En una nueva escalada de hostilidades contra Estados Unidos, el gobierno de Irán llevó a cabo el ensayo de un avanzado proyectil naval de defensa antiaérea de largo recorrido, bautizado como ‘Sayyad-3G’. Esta maniobra bélica se ejecutó en el marco de las operaciones de la Armada de la Guardia Revolucionaria dentro del estratégico estrecho de Ormuz, según reportes emitidos por plataformas informativas locales este sábado.
Detalles de la operación militar
La ejecución de la prueba del ‘Sayyad-3G’ tuvo lugar desde la cubierta del buque de combate ‘Shahid Sayyad Shirazi’. El lanzamiento formó parte integral de las maniobras navales denominadas ‘Control Inteligente del Estrecho de Ormuz’, las cuales fueron desarrolladas por las fuerzas de la Guardia durante las jornadas del pasado lunes y martes en dicha zona marítima.
Las especificaciones técnicas proporcionadas por las autoridades de defensa iraníes detallan que el ‘Sayyad-3G’ posee una capacidad de alcance que llega hasta los 150 kilómetros. Esta característica técnica le otorga la facultad de establecer un robusto “perímetro defensivo” aéreo en torno a la embarcación. Asimismo, se informó que el sistema está diseñado específicamente para lograr la intercepción de aviones de combate, drones que operan a gran altitud, aeronaves destinadas a la patrulla en mar, equipos de apoyo aéreo y determinados tipos de misiles de crucero.
Tecnología y contexto estratégico
El despliegue de estas fuerzas se realizó en las aguas críticas del estrecho de Ormuz, coincidiendo con un periodo de alta fricción diplomática con la administración estadounidense y el proceso de reactivación de los diálogos relativos al programa nuclear de Teherán.
De acuerdo con la información técnica difundida, el armamento emplea sistemas de lanzadores verticales (VLS).
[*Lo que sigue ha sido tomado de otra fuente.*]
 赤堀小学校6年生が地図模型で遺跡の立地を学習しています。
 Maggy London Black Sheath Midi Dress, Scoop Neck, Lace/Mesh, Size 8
Según se explicó, esta tecnología
“proporciona cobertura de 360 grados sin necesidad de reorientar el armamento, reduce el tiempo de reacción y permite disparos consecutivos frente a ataques múltiples”
.
Este anuncio sobre la eficacia del armamento surge poco después de que el mandatario de Estados Unidos, Donald Trump, señalara el viernes que evalúa la ejecución de posibles ofensivas limitadas contra objetivos iraníes. El objetivo de Washington es forzar a Teherán a suscribir un nuevo pacto nuclear que incluya de forma mandatoria la restricción de su programa de proyectiles balísticos, una exigencia que el régimen persa ha declinado tajantemente.

El presidente Donald Trump mencionó un intervalo de tiempo de entre 10 y 15 días para concretar la firma de un acuerdo. Esta declaración ocurre tras las negociaciones indirectas que contaron con la mediación de Omán, efectuadas en las ciudades de Mascate y Ginebra entre los días 6 y 17 de febrero respectivamente.
Diplomacia y amenazas militares
Durante los encuentros en Ginebra celebrados el martes anterior, los delegados de Irán afirmaron haber logrado un consenso sobre ciertos “principios rectores” para un potencial convenio. Por su parte, la representación de Estados Unidos admitió que hubo progresos, aunque subrayó que los negociadores iraníes “aún no están dispuestos a reconocer” las líneas rojas fijadas por la administración de Trump.
En una intervención reciente, el titular del Ministerio de Exteriores de Irán, Abbas Araqchi, declaró en una conversación con la cadena MSNBC que en un plazo de dos a tres días se procederá a la presentación del borrador para un factible acuerdo con el gobierno estadounidense. No obstante, el alto funcionario lanzó una advertencia clara: si la Casa Blanca opta por emplear “el lenguaje de la fuerza”, la nación de Irán “corresponderá” bajo los mismos términos.
Informes de medios como CNN y el rotativo The New York Times han indicado esta semana que las fuerzas militares de Estados Unidos se encuentran en estado de alerta para un eventual ataque inminente contra territorio iraní, quedando únicamente a la espera de la orden presidencial definitiva.
Presencia militar en la región
Actualmente, Estados Unidos coordina lo que se considera su despliegue de fuerzas más robusto en el Oriente Medio desde la invasión a Irak en el año 2003. En la zona ya se encuentra operativo el portaaviones USS Abraham Lincoln junto a su grupo de escolta, mientras que una segunda agrupación de combate, encabezada por el portaaviones USS Gerald R. Ford, avanza actualmente hacia la región.
Cabe recordar que Estados Unidos ya ejecutó bombardeos contra las tres infraestructuras nucleares de mayor relevancia en Irán el pasado mes de junio, en el contexto de un conflicto bélico de 12 días que enfrentó a la nación persa con Israel.